• _Task objective_
Below are some records. Return exactly the lines from the one containing "A freestyle skier" through the one containing "Couple walks along", both included, and only those.

(Data extracted from a collection)
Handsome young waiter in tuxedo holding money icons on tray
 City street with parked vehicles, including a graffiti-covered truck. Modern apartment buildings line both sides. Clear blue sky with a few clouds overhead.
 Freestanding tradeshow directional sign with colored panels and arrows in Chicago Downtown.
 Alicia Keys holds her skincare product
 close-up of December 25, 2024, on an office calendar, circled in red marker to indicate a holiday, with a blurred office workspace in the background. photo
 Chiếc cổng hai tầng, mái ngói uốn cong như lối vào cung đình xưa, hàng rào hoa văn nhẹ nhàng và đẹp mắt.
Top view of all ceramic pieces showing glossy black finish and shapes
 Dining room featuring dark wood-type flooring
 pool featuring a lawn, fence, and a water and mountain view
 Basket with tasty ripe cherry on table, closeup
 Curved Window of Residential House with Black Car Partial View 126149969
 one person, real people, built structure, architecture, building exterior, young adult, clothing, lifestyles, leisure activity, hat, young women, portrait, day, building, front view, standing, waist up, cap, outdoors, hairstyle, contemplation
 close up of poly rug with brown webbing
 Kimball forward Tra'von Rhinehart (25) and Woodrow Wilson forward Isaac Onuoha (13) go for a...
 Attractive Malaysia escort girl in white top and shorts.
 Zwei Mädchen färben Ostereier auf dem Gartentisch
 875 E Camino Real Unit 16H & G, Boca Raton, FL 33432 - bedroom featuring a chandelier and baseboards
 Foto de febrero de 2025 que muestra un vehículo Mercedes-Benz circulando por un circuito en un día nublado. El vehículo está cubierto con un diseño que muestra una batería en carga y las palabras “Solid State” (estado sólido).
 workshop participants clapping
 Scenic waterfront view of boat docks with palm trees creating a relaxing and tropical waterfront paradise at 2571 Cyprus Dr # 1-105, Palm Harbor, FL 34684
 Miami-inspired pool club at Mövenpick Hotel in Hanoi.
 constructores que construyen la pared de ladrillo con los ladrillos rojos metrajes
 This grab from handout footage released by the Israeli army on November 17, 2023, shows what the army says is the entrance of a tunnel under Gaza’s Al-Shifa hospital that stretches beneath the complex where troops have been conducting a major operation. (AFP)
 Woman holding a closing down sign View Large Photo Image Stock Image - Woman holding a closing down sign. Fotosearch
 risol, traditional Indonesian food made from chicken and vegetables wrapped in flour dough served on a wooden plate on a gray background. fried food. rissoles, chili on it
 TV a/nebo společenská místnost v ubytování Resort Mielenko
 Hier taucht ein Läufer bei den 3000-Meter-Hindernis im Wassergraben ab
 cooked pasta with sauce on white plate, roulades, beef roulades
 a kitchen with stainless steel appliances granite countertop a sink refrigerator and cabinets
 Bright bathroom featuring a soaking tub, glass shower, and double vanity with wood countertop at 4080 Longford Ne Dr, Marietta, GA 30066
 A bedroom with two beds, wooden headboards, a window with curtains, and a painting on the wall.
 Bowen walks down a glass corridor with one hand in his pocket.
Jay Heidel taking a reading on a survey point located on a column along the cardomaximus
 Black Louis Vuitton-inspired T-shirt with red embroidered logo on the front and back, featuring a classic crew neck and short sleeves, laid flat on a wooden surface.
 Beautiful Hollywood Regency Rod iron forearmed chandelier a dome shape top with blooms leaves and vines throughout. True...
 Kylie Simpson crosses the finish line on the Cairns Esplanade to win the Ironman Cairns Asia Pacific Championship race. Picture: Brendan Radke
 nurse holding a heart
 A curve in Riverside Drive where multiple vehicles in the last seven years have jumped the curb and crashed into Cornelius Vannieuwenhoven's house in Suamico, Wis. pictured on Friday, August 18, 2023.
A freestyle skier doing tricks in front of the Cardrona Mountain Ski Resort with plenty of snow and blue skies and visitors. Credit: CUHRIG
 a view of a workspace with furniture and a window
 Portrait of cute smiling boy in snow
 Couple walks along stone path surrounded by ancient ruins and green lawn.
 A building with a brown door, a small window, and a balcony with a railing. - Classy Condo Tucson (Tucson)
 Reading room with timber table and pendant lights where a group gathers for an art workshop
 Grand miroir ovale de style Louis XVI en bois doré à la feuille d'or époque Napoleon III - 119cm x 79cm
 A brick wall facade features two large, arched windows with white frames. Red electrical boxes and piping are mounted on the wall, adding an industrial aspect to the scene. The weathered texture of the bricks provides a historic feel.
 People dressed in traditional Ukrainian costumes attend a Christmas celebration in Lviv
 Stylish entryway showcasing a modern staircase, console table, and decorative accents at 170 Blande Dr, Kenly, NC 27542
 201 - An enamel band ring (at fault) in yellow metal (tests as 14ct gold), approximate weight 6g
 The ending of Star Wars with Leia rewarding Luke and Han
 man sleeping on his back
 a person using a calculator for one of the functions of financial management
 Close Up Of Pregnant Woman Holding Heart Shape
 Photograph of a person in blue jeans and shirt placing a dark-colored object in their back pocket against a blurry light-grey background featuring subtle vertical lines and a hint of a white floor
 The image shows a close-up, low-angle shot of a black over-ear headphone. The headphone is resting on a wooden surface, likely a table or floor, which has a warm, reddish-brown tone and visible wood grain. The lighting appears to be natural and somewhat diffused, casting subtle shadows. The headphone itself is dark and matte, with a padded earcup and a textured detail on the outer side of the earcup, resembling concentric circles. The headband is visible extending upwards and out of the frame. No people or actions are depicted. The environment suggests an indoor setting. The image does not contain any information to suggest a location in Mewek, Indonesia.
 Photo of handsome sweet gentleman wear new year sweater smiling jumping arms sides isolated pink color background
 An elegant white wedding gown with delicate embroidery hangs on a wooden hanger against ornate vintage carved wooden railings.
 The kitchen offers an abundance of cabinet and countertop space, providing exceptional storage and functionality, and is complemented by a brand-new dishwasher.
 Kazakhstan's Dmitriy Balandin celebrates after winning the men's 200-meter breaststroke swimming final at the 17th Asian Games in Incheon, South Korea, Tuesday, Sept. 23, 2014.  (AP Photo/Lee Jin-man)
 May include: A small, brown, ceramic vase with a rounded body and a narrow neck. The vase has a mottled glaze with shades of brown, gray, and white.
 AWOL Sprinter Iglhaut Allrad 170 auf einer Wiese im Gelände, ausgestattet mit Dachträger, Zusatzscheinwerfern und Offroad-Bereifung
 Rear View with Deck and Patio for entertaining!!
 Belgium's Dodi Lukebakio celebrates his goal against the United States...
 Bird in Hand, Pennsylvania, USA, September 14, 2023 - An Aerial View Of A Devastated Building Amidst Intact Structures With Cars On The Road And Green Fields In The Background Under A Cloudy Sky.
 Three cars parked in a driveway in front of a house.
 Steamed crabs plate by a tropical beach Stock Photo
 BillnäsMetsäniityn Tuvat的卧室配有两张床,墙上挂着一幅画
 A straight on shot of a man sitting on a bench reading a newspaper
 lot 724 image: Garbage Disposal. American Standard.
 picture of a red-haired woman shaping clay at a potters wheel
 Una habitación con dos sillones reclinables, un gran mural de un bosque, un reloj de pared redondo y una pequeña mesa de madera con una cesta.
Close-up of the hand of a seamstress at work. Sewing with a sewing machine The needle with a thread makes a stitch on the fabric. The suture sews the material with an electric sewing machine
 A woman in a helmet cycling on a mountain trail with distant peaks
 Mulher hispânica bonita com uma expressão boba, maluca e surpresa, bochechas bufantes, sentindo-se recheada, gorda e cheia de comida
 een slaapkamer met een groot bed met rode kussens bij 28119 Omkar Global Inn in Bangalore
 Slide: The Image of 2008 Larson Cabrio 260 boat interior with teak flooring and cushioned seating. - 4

• _Your solution_
A freestyle skier doing tricks in front of the Cardrona Mountain Ski Resort with plenty of snow and blue skies and visitors. Credit: CUHRIG
 a view of a workspace with furniture and a window
 Portrait of cute smiling boy in snow
 Couple walks along stone path surrounded by ancient ruins and green lawn.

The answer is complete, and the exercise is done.